◆ **WHAT IS NEEDED**
Where the listing below reaches the line containing "Hey guys, how", start writing out lines exactly, and stop once the line containing "In this video" has been written.

◆ **SOURCE RECORDS**
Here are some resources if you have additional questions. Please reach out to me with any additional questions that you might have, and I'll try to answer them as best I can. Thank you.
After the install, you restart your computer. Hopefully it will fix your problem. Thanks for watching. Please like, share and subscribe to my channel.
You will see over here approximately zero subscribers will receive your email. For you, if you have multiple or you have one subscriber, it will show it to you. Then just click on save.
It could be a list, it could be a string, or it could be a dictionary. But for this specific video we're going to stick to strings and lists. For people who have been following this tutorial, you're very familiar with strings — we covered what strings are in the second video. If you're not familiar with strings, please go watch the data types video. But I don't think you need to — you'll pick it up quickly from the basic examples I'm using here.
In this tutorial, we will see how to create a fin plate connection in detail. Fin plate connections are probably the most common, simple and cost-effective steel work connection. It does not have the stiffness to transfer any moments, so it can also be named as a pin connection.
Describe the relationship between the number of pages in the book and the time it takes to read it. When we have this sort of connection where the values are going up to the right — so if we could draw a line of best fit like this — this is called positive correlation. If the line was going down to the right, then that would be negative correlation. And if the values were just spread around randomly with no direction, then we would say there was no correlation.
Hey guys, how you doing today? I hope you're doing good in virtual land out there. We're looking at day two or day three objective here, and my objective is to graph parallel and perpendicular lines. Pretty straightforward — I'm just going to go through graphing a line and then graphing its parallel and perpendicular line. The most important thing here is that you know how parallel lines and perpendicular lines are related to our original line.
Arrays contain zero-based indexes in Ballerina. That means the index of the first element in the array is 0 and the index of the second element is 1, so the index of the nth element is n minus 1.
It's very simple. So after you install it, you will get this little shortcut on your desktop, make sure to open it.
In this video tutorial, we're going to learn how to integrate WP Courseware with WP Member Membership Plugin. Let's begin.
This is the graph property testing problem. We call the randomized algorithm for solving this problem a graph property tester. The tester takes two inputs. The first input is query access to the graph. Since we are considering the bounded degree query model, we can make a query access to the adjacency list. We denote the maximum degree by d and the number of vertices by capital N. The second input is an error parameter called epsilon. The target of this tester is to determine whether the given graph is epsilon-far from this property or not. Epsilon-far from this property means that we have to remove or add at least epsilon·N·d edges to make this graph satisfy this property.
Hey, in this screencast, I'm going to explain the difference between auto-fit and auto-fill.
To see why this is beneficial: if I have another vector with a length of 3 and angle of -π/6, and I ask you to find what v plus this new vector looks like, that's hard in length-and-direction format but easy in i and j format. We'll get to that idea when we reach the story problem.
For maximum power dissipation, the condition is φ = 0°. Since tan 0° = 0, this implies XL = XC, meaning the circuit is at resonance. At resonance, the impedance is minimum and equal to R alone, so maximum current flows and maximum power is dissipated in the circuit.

◆ **THE ANSWER**
Hey guys, how you doing today? I hope you're doing good in virtual land out there. We're looking at day two or day three objective here, and my objective is to graph parallel and perpendicular lines. Pretty straightforward — I'm just going to go through graphing a line and then graphing its parallel and perpendicular line. The most important thing here is that you know how parallel lines and perpendicular lines are related to our original line.
Arrays contain zero-based indexes in Ballerina. That means the index of the first element in the array is 0 and the index of the second element is 1, so the index of the nth element is n minus 1.
It's very simple. So after you install it, you will get this little shortcut on your desktop, make sure to open it.
In this video tutorial, we're going to learn how to integrate WP Courseware with WP Member Membership Plugin. Let's begin.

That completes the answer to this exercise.